• _DIRECTIONS FOR THIS TASK_
From the line containing "ريترو موضة الربيع" through the last line of the entries, output the text exactly. Pictures stay out.

[Short text fragments from websites]
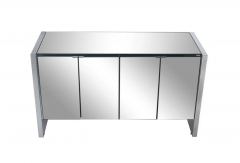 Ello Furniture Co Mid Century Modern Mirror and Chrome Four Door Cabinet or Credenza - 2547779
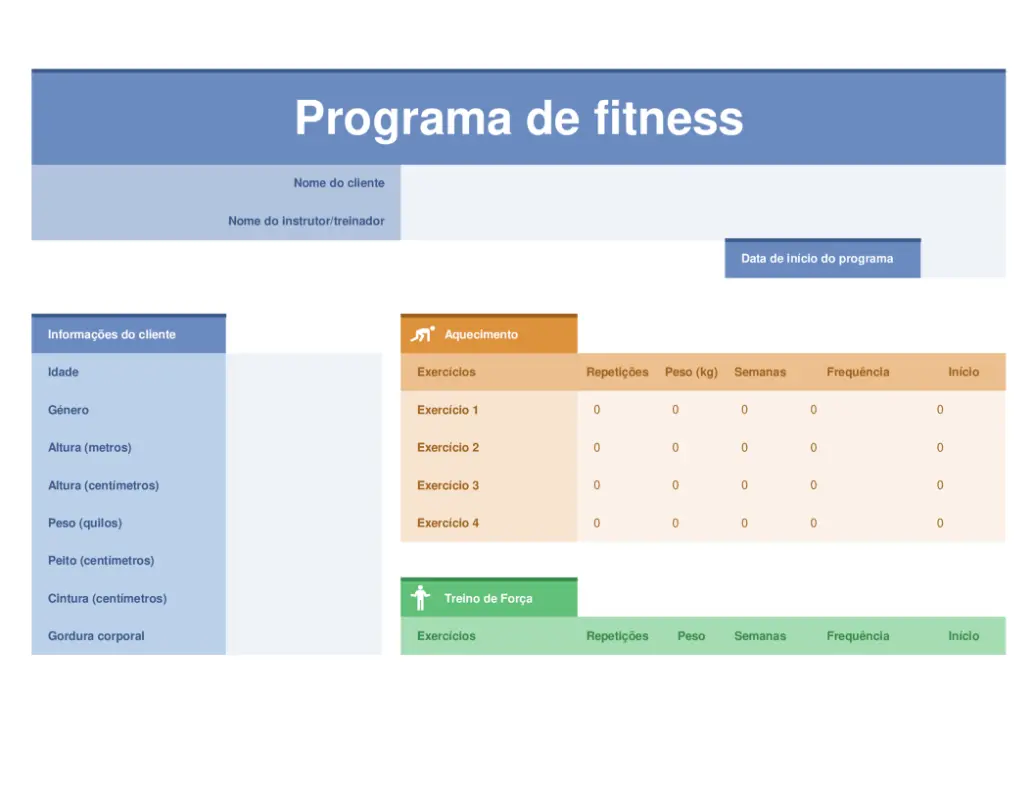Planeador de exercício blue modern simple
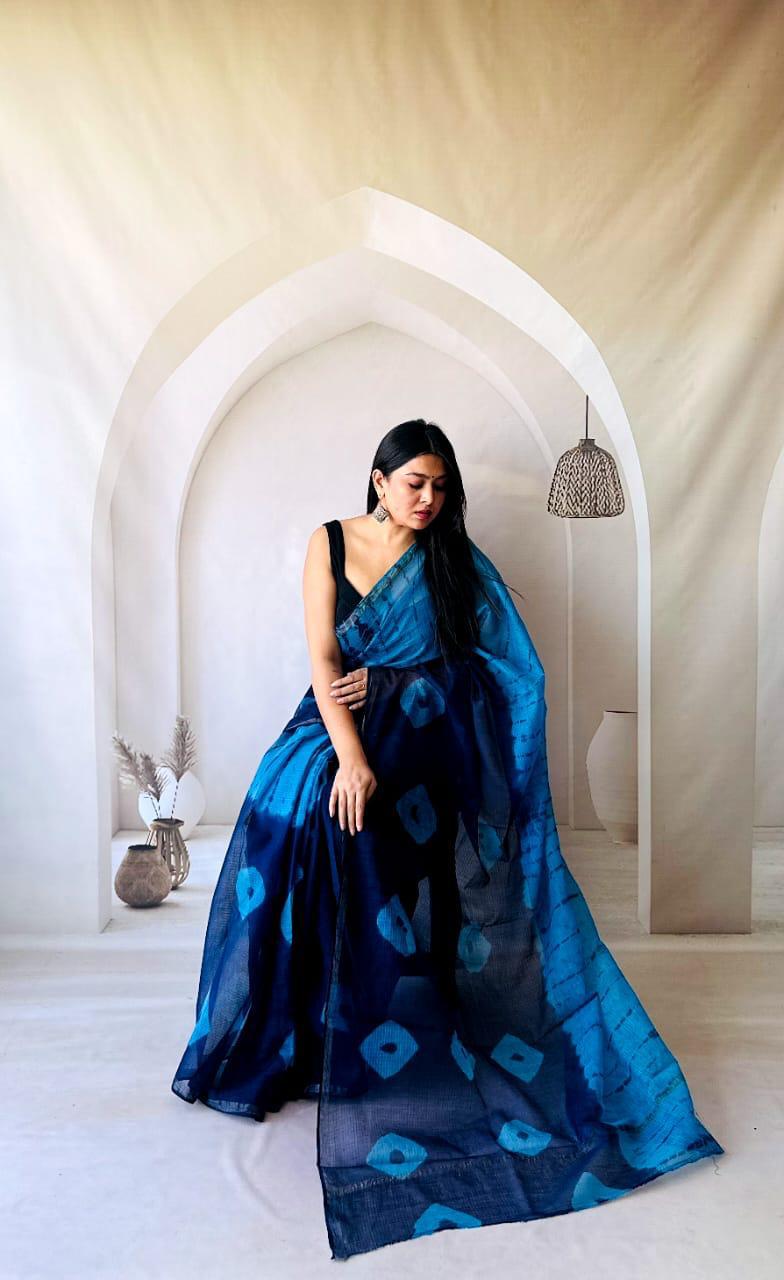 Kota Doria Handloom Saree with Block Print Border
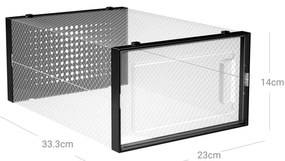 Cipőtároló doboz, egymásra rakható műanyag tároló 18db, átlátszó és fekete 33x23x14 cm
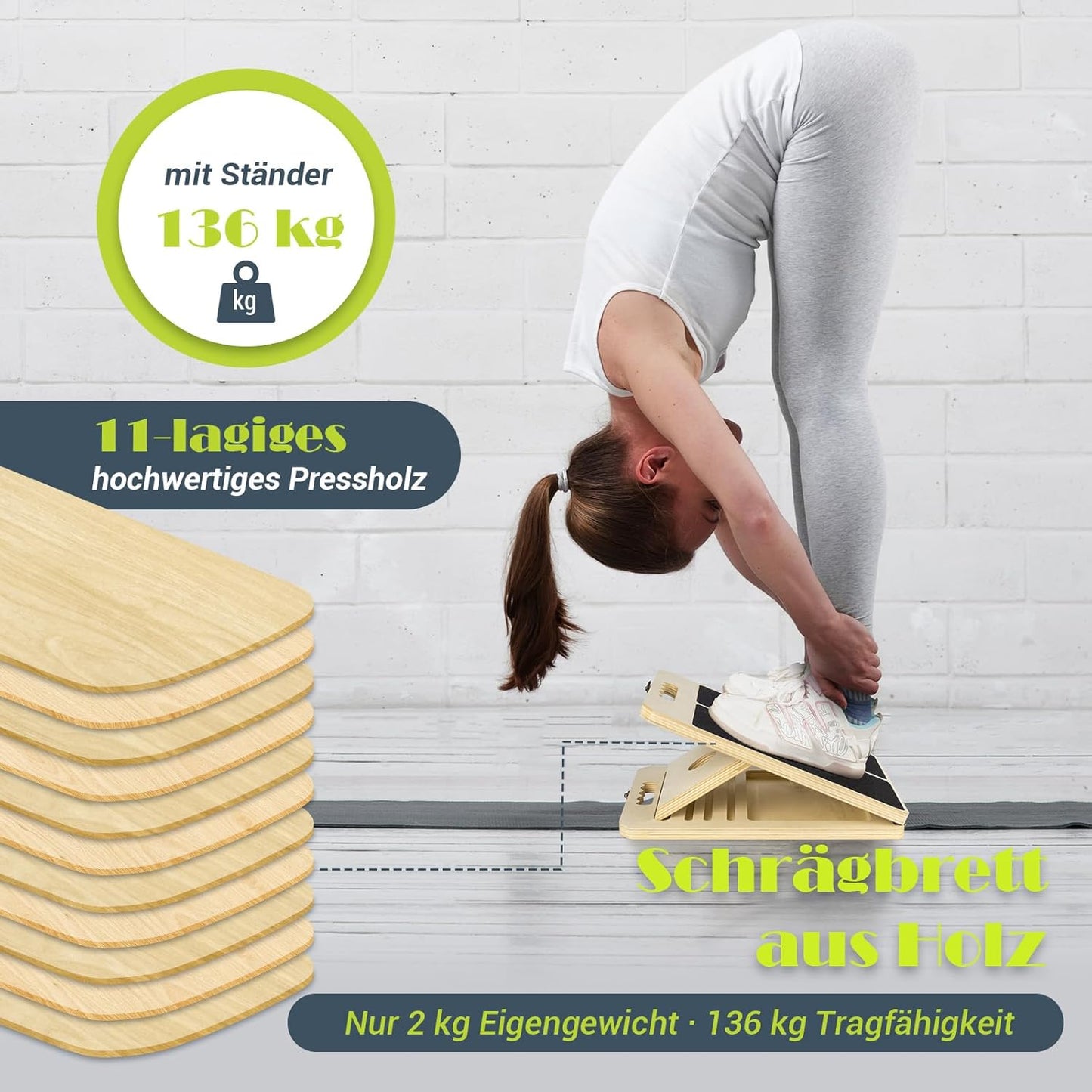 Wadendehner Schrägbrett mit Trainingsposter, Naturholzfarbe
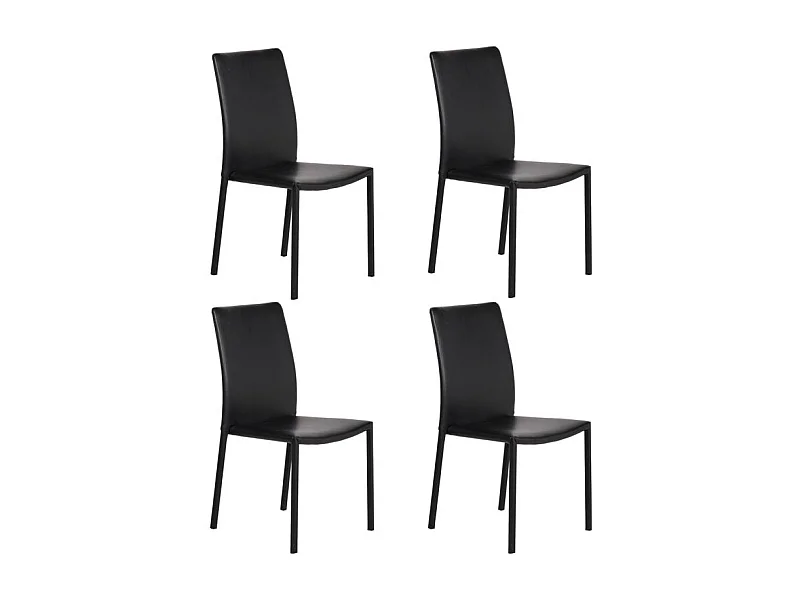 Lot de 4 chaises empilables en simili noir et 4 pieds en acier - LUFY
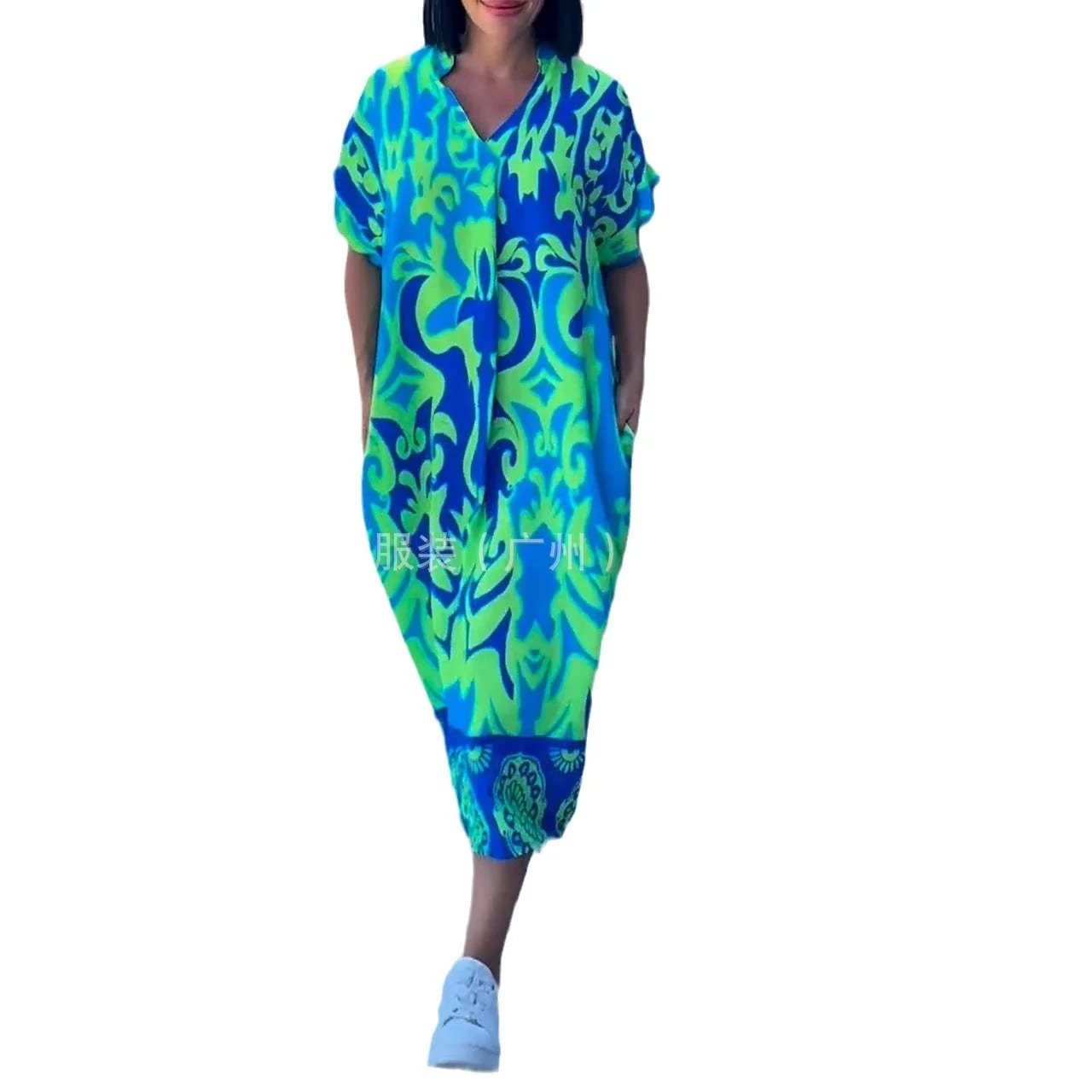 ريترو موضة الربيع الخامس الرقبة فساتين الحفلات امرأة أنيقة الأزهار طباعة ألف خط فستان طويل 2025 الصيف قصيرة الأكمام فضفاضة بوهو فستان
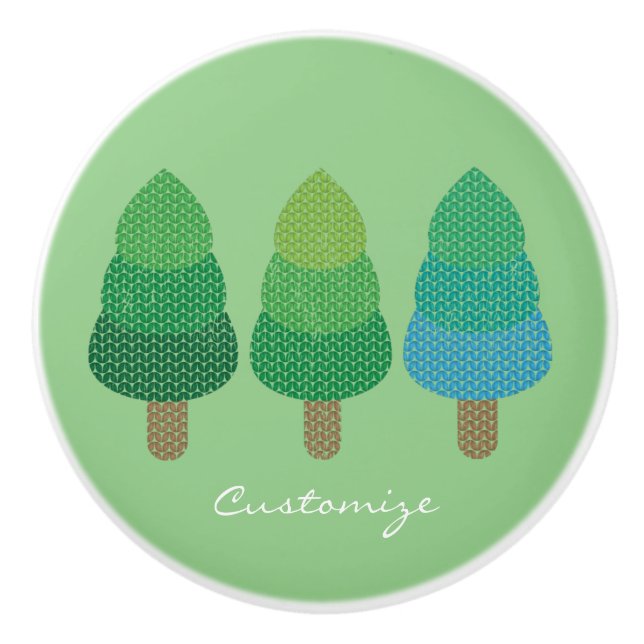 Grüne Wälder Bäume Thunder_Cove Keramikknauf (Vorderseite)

• _TASK OUTPUT_
 ريترو موضة الربيع الخامس الرقبة فساتين الحفلات امرأة أنيقة الأزهار طباعة ألف خط فستان طويل 2025 الصيف قصيرة الأكمام فضفاضة بوهو فستان
 Grüne Wälder Bäume Thunder_Cove Keramikknauf (Vorderseite)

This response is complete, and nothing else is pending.